In this case, I took this first 100 lines of my CSV file, and wrote it in Pandas and Python, after manually validating that the output was correct. I tried it with 1E5 lines, then the whole dataset. Once it got to about 1E7, the program kept running out of memory. No good. So I switched to using Polars with the lazy dataframe approach, but because of the size of the output dataframe, it kept running out of memory. No good still, I just decided to stream the data from the compressed zstd archive, and line by line write to a CSV file for every line. It took 6 days, but at least it didn't crash.

Problem Definition, Again But Better This Time

Now that you know what you're kind of doing. You can set your project guidelines better. Go back to that bulletpoint list that you have, and add the things that you learned from your toy implementation. Now and only now is the time to set performance target. Then, let the optimizing begin.

I learned that memory management and compressed archive reading were far more demanding bottlenecks than expected. The computational operations consumed more resources than anticipated, resulting in performance that is not acceptable. In my case, I added that it has memory constraints and the output needs to be inspectable while the program is running. I set a target of 30 mins as zstdcat file.csv.zst | wc -l took about 20 minutes, so it shouldn't take much more than that realistically.

Now the Fun Part: Speed Up Time

Before you do any performance stuff, trash your first implementation. The point is you wrote it bad, and now it's time to write it again with the knowledge you now gained. After that, Profile Profile Profile. You think you know your code and what's slow and what's fast? You don't, and if you really do, this article is not meant for you. Take your time and use a profiler. I ended up using functiontrace for Python, and samply for Rust.
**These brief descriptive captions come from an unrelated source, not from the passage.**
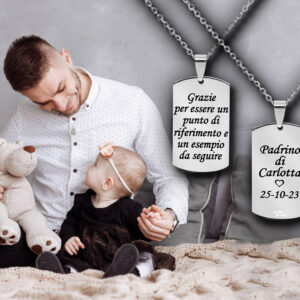 Collana Padrino Battesimo con Incisione Personalizzata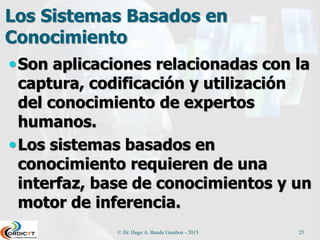 Los Sistemas Basados en
Conocimiento
Son aplicaciones relacionadas con la
captura, codificación y utilización
del conocimiento de expertos
humanos.
Los sistemas basados en
conocimiento requieren de una
interfaz, base de conocimientos y un
motor de inferencia.
© Dr. Hugo A. Banda Gamboa - 2015 25
 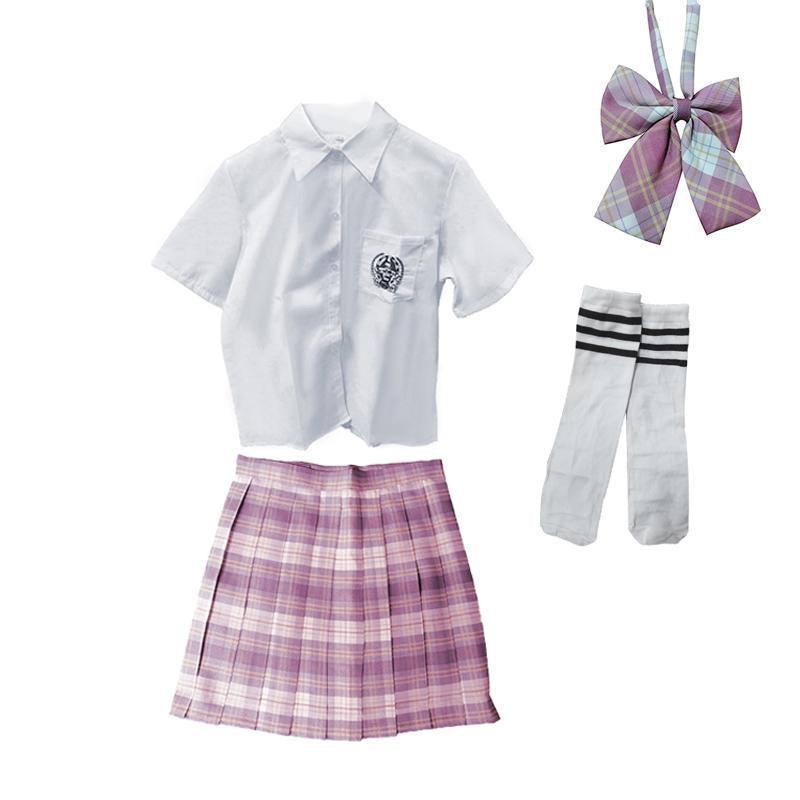 Girls High Waist Tartan Pleated Skirt - Summer Style - M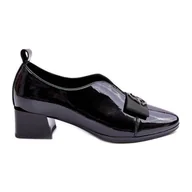 Półbuty damskie - Vinceza Lakierowane Półbuty Na Obcasie Z Ozdobą Czarne Elosa - miniaturka - grafika 1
I really recommend these tools as it gives you all of the performance data on profiler.firefox.com. That way you can both open and inspect the perf data in a generic way. My advice is to look at the flame graph and see what is taking all of your time. While I'm here giving some advice. I would commit all of your perf data to your Git when you change your implementation. So you can see how your stuff changed.

In my case (quite obviously), the opening of the CSV file, finding all of the rows to change then changing, then writing. It was taking 60% of the CPU time. At around the same point, I felt as if I was hacking Python to go EVEN FASTER. And I decided to change languages to Rust at this point. Normally, I tend to choose Rust when Python starts to become unbearably slow or terribly not readable anymore. This table shows what I was able to do

Ideas	Runtime	Improvement Factor
Naive Python	6 days	Baseline
Rust Conversion	1 day	6x
String Parsing Optimization	6 hours	4x
Multi-threading	30 min	12x
Total	30 min	288x

Why Python is Slow, and Rust is Fast (at this)
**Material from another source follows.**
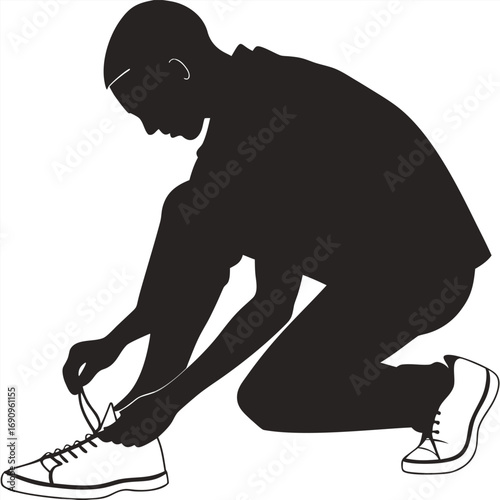 Man tying shoelace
The reason why Python can be pretty slow for this is because it just doesn't let you handle memory in an easy way. It will just decide for me how long variables live for, and when things get allocated and deallocated, that's not really a problem for a proof of concept or a first crack at an idea. But when you start doing performance stuff, it feels like the language starts to fight you on the readability front when you start making more performance choices. In short, it feels like Python is either readable, or fast. But rarely is it both. On the other hand, since Rust is a compiled language with a borrow checker, I can write kind of whatever I want, huck it into a function with defined errors and types and pretend that the impl is a black box unless I need to deal with it again. and it will deallocated and allocated thing very explicitly. This is extremely useful if you have a bunch of short-lived variables.

(I might write a blog on why I choose what I choose).

From 6 Days to 1 Day: Changing Languages

I don't think rust is always the right answer for the job, but in this case, I really like the way that rust tends to handle thing like memory management. I ended up writing basically the same implementation in Python, reducing the memory overhead to 1GB and sped things up to about 1 day. This was a 6x speedup, just by switching languages. Look at the profiling data, Python was spending a lot of time dropping variables and cleaning things up. It also took a lot of time getting the row of the file. When the compiler can know when and where to drop things, it speeds up.

From 1 Day to 6 Hours: Optimizing String Parsing

Looking again at the profiling data, I found that more than 80 percent of my time is spent parsing the string, with a bunch of memory allocations happening in the from_str. So let's look at the code

fn from_str(s: &str) -> Result<Self, Self::Err> {
        // Split on the pipe delimiter.
        let fields: Vec<&str> = s.split('|').collect();
        if fields.len() != 81 {
            return Err(ParseRecordError(format!(
                "Expected 81 fields, got {}",
                fields.len()
            )));
        }

        Ok(Record {
            committee_id: fields[0].trim().to_string(),
            committee_name: fields[1].trim().to_string(),
	         .....})

In this case, the from_str function takes a borrowed string slice (&str), temporarily allocates heap memory for a Vec containing slices pointing into the original string, and then performs numerous heap allocations to create owned String data for the fields of the Record struct it constructs and returns it. In short, I am creating a lot of intermediary data, that has to be allocated and deallocated taking a lot of CPU time. If I was just looking at the code, I would have thought that the database lookups were taking most of the time. After some amount of optimizing, I arrive on the following code block.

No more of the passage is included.